The Travis County DA’s office in 2015 brought on its own DNA expert to double-check a handful of cases the lab had previously handled. This expert found alarming instances of flawed DNA testing methods. The Texas Forensic Science Commission, which accredits forensics labs across the state, undertook its own audit. The findings were so grim, the lab agreed to forfeit its accreditation status. The lab was permanently closed in 2016 after an outside investigation found a slew of problems, including confirmation bias, DNA contamination, and lab protocols that didn’t meet the standards of the scientific community.
“DNA evidence is highly compelling for jurors.”
The extent of the forensics lab’s failure—including the number of cases potentially affected by the shoddy work—remains fuzzy. But In Escobar’s case, the lab’s practices cast doubt on the evidence used to convict him. In 2020, a district judge found that the DNA used to convict Escobar was unreliable. The court found that “from at least 2006 and up until the closure of the lab” the analysts were improperly handling evidence.
Escobar is one of only five Travis County death row cases; he and two others were sentenced between 2006 and 2011.
The APD lab’s analysts, as well as an independent analyst who served as a second opinion, received more information about the case than they should have before testing. This created an environment that was ripe for bias, the court found. In addition, the inclusion of misleading DNA evidence very likely influenced jurors’ decision to convict Escobar and sentence him to death.
“In the criminal justice community, DNA evidence is generally regarded as the gold standard of forensics,” the district court judge concluded as part of the appeal. “Such evidence is critical in cases such as this one: a stranger-on-stranger offense with no eyewitnesses or other information immediately implicating a suspect. DNA evidence is highly compelling for jurors.”

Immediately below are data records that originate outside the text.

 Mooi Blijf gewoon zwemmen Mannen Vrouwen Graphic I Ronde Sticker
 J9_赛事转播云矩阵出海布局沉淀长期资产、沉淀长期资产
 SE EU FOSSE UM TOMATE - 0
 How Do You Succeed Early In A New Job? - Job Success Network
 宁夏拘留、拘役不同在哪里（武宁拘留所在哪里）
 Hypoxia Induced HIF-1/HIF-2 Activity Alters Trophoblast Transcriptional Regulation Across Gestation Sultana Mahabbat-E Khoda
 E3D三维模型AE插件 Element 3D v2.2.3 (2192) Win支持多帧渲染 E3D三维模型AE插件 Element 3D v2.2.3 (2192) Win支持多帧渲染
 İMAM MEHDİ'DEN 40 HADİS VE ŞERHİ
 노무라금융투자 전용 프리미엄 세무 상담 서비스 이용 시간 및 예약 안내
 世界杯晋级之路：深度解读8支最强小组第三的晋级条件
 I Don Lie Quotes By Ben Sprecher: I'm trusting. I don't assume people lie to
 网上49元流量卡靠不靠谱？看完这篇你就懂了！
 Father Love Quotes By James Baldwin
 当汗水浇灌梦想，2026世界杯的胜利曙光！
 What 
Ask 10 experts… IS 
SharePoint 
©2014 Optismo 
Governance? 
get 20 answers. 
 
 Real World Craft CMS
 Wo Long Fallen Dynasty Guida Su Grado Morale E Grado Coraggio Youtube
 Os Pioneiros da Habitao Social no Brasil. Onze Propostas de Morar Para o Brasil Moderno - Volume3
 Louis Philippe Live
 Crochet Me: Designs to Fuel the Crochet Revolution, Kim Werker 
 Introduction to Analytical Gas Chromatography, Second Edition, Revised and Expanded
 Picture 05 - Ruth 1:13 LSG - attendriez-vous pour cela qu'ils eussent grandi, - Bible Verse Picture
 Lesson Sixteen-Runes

The current Austin crime lab is distinct from its predecessor—it became fully independent from the Austin Police Department in October 2022. The lab, which does many forensic practices in-house, now outsources its DNA processing. The city has outsourced these services since 2017 and has an agreement to continue with its current vendors until 2027. The lab is accredited and was recently recognized for its early adoption of more rigorous standards, according to a City of Austin spokesperson.
Today, defense lawyers in Central Texas are actively reviewing cases that may have been affected by the old Austin crime lab’s shoddy work, according to DA Garza. When they flag a case, they bring it to the DA’s office, which then does its own evaluation of whether the case holds water. Garza said they’ve identified at least one other case in addition to Escobar’s that relied on faulty evidence.